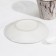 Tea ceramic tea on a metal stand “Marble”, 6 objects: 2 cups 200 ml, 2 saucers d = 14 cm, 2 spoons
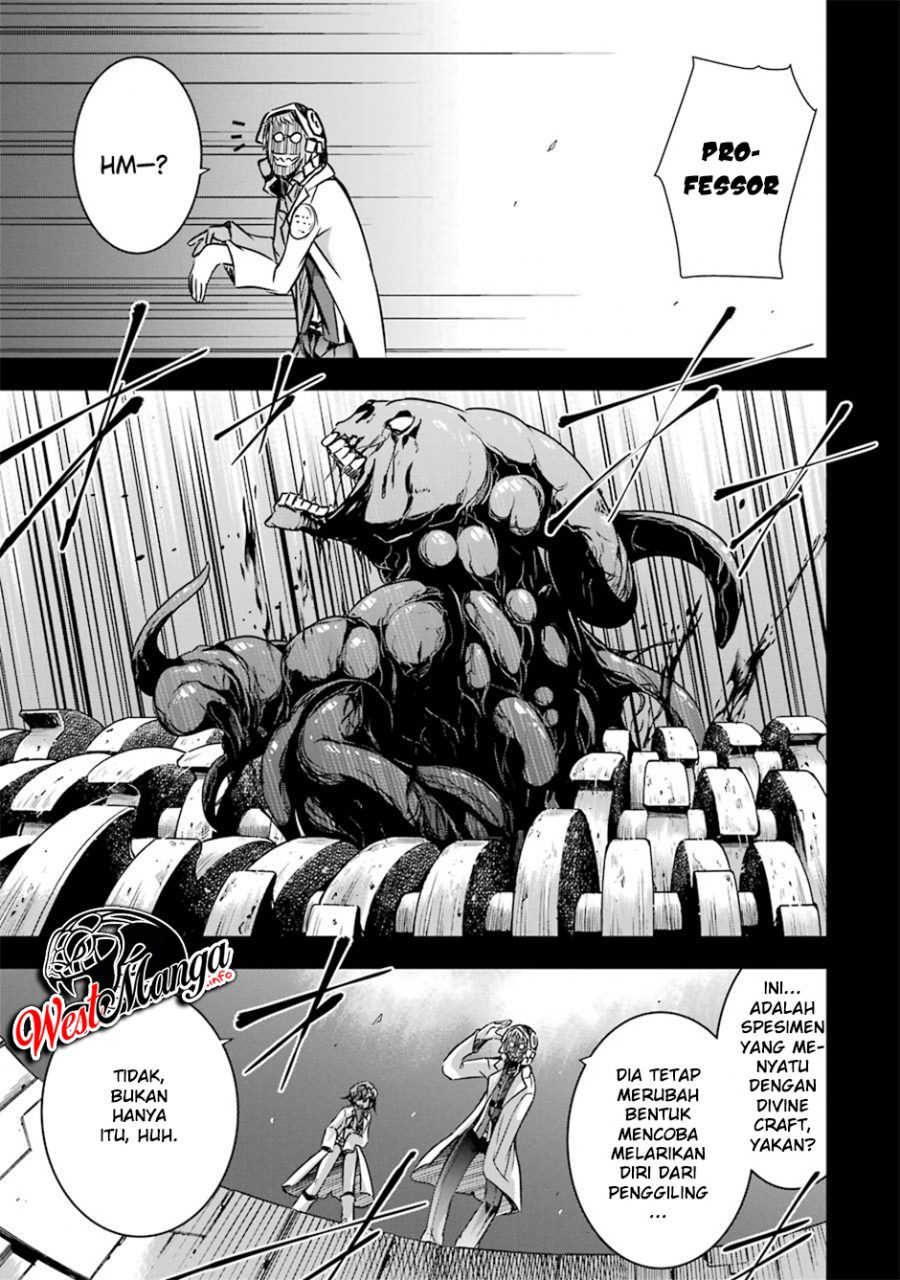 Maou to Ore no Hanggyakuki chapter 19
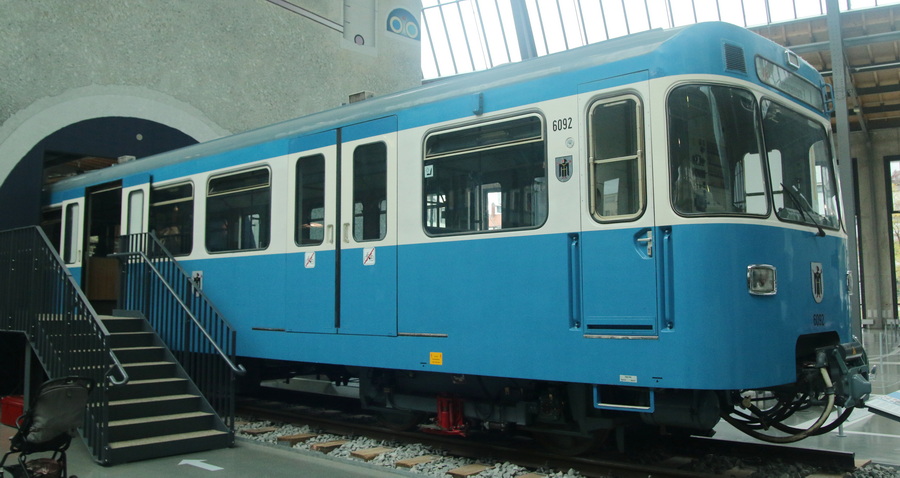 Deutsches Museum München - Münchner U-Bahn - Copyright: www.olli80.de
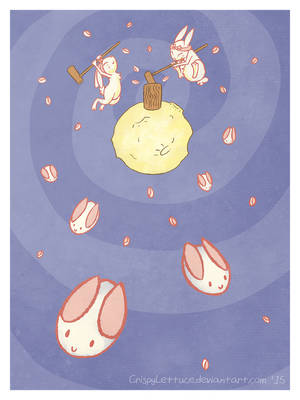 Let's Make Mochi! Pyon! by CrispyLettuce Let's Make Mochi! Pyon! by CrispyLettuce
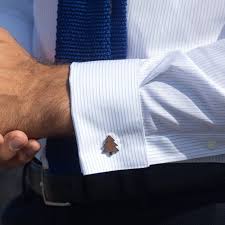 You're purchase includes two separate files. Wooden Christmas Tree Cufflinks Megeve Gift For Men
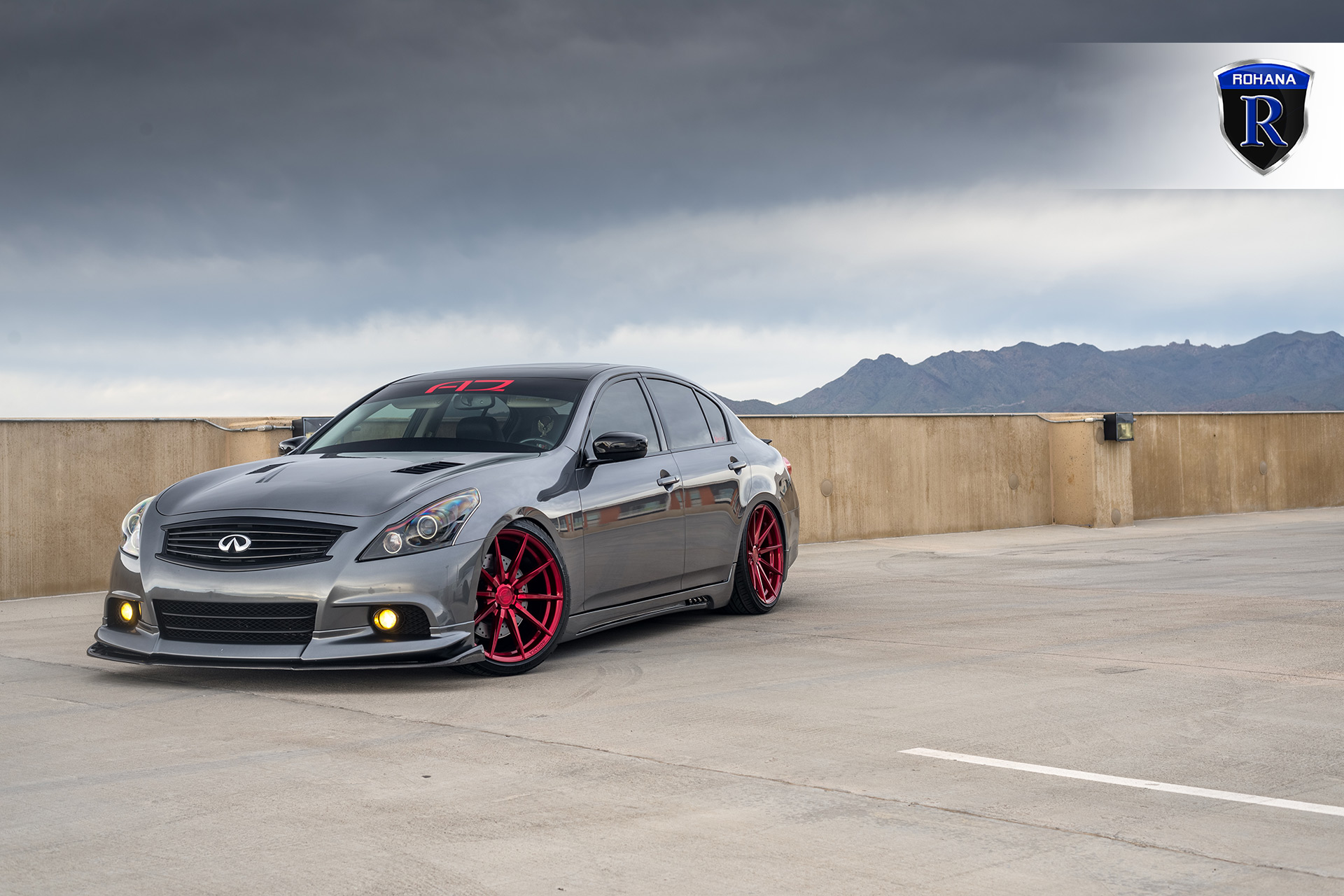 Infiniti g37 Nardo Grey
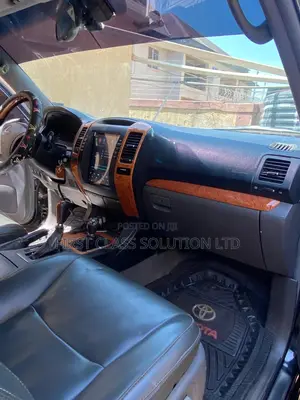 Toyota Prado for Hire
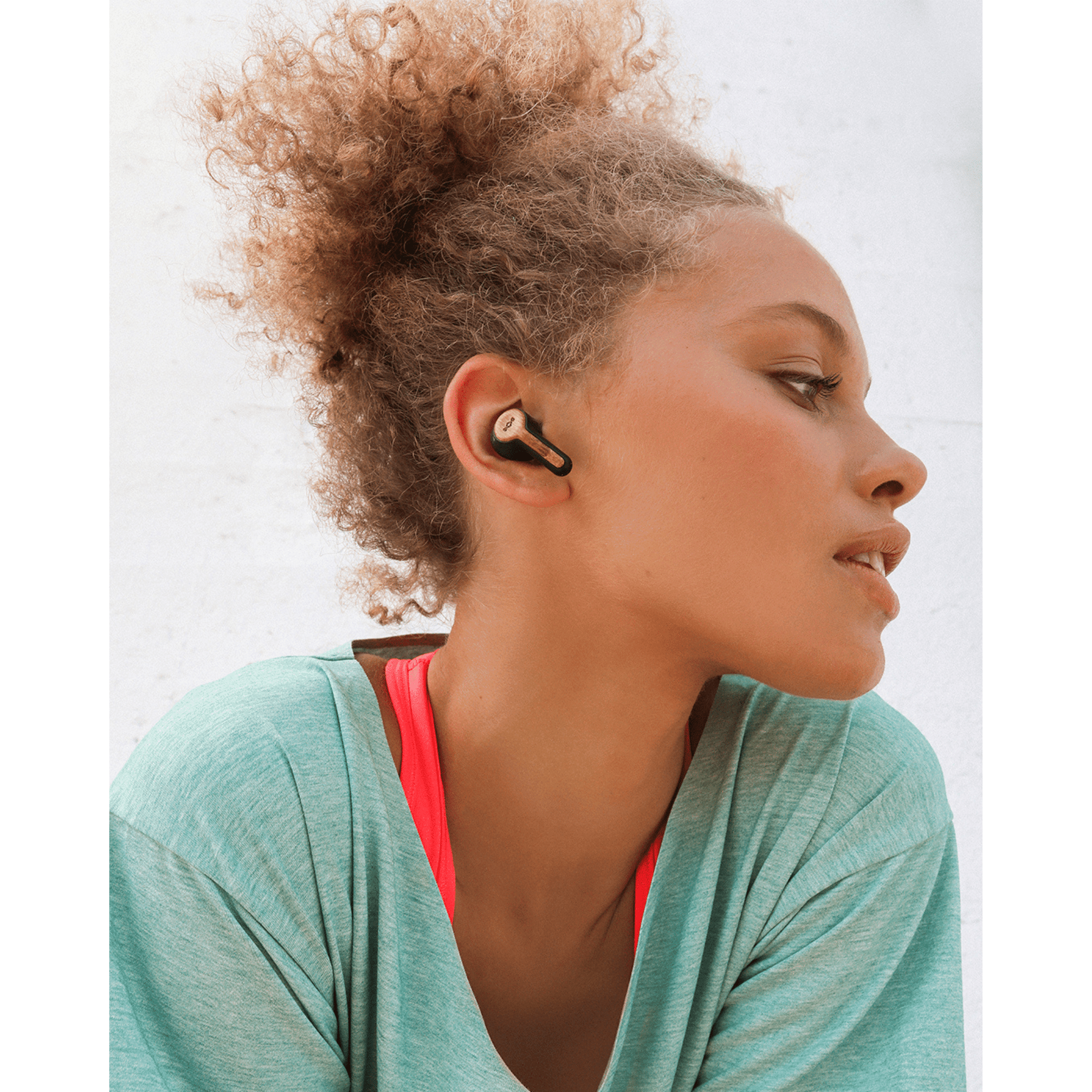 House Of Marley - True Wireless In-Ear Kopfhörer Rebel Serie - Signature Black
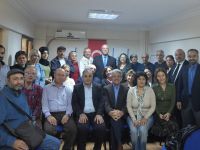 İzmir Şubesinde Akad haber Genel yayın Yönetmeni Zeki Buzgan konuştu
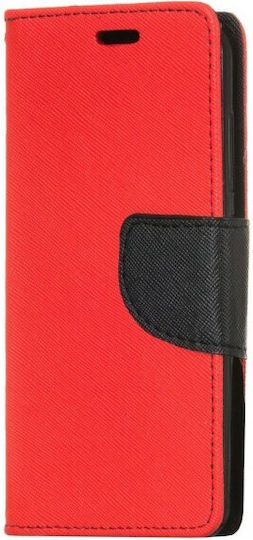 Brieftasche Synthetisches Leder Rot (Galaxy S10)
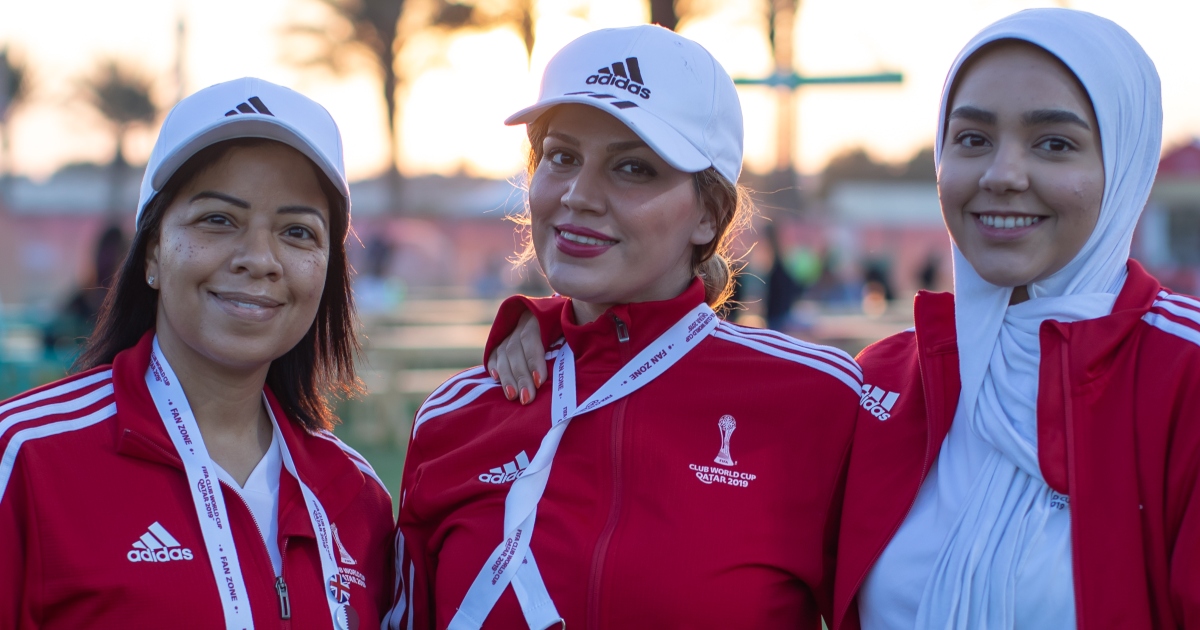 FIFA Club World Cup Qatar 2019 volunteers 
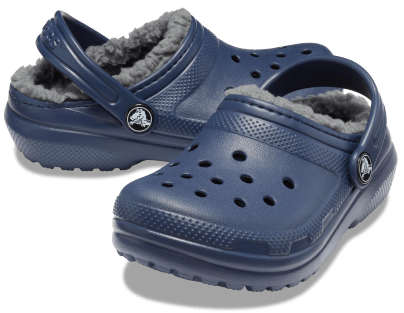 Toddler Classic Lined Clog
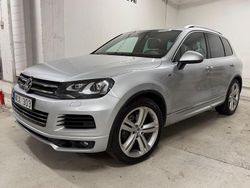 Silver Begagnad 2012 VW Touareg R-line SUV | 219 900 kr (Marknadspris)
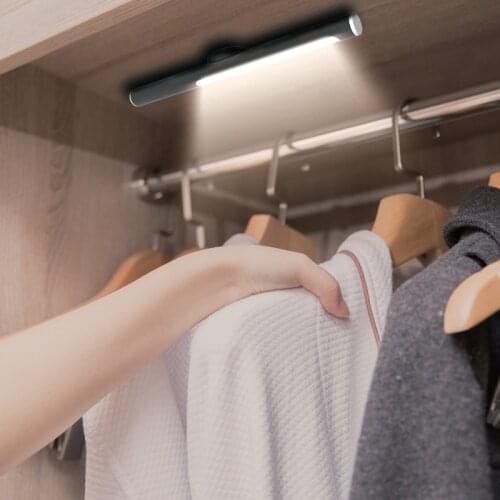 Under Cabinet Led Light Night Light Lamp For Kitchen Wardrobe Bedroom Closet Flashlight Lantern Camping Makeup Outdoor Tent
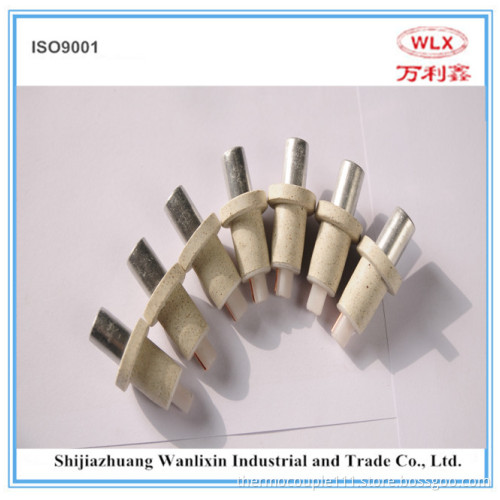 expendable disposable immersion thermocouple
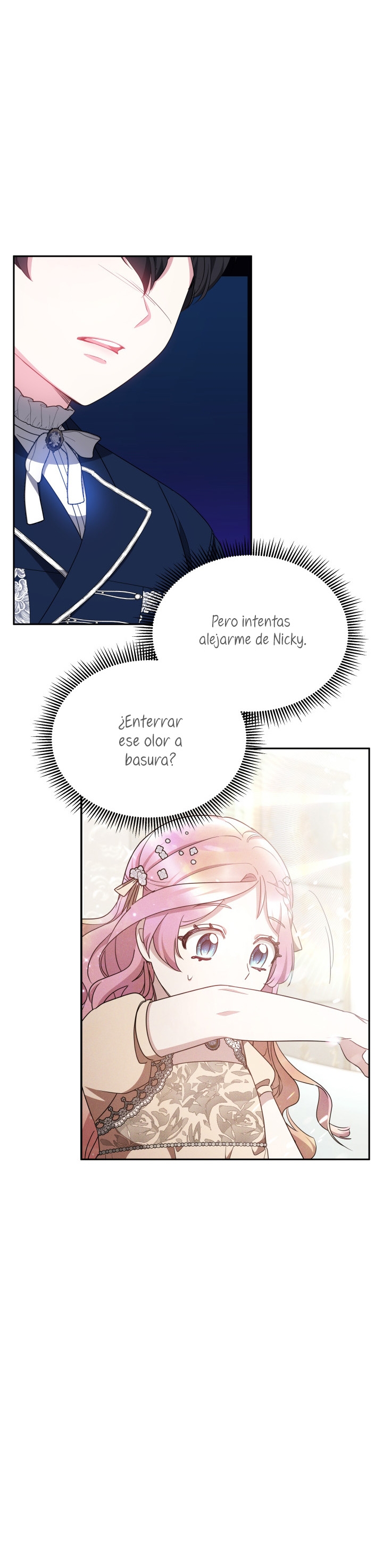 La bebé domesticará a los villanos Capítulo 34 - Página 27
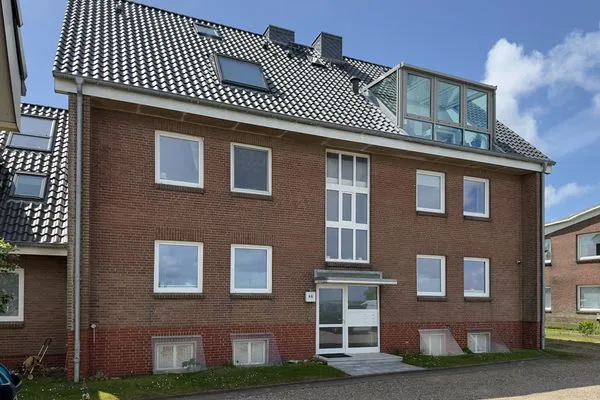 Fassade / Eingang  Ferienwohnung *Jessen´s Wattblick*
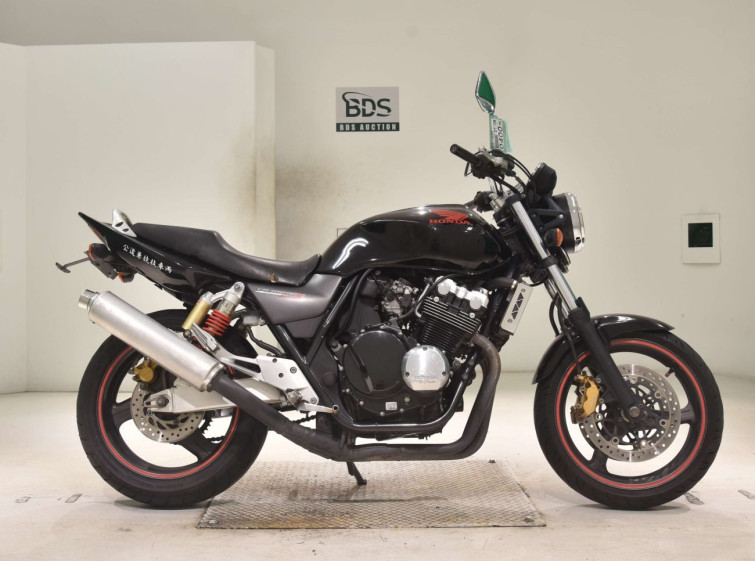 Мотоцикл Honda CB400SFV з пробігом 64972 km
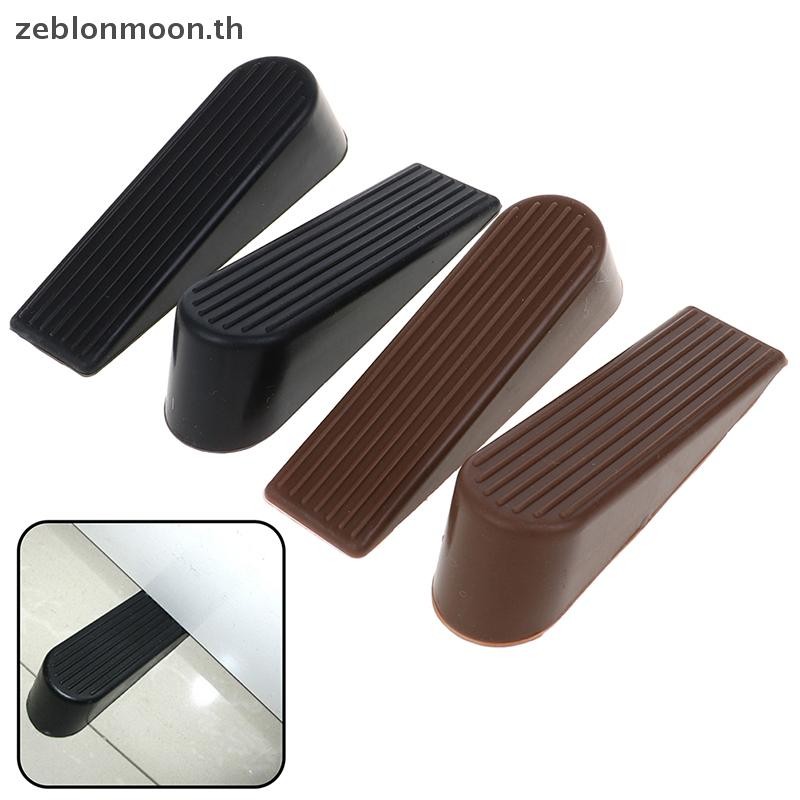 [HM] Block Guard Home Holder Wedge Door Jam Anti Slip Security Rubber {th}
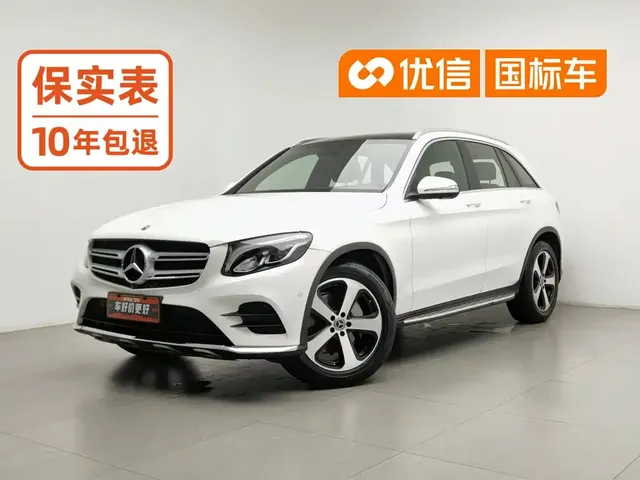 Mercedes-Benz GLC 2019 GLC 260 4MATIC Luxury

> **Work to complete**
Omit the pictures, and please restate word for word the lines running from the line with "[HM] Block Guard" to the end of the entries.

> **Result**
 [HM] Block Guard Home Holder Wedge Door Jam Anti Slip Security Rubber {th}
 Mercedes-Benz GLC 2019 GLC 260 4MATIC Luxury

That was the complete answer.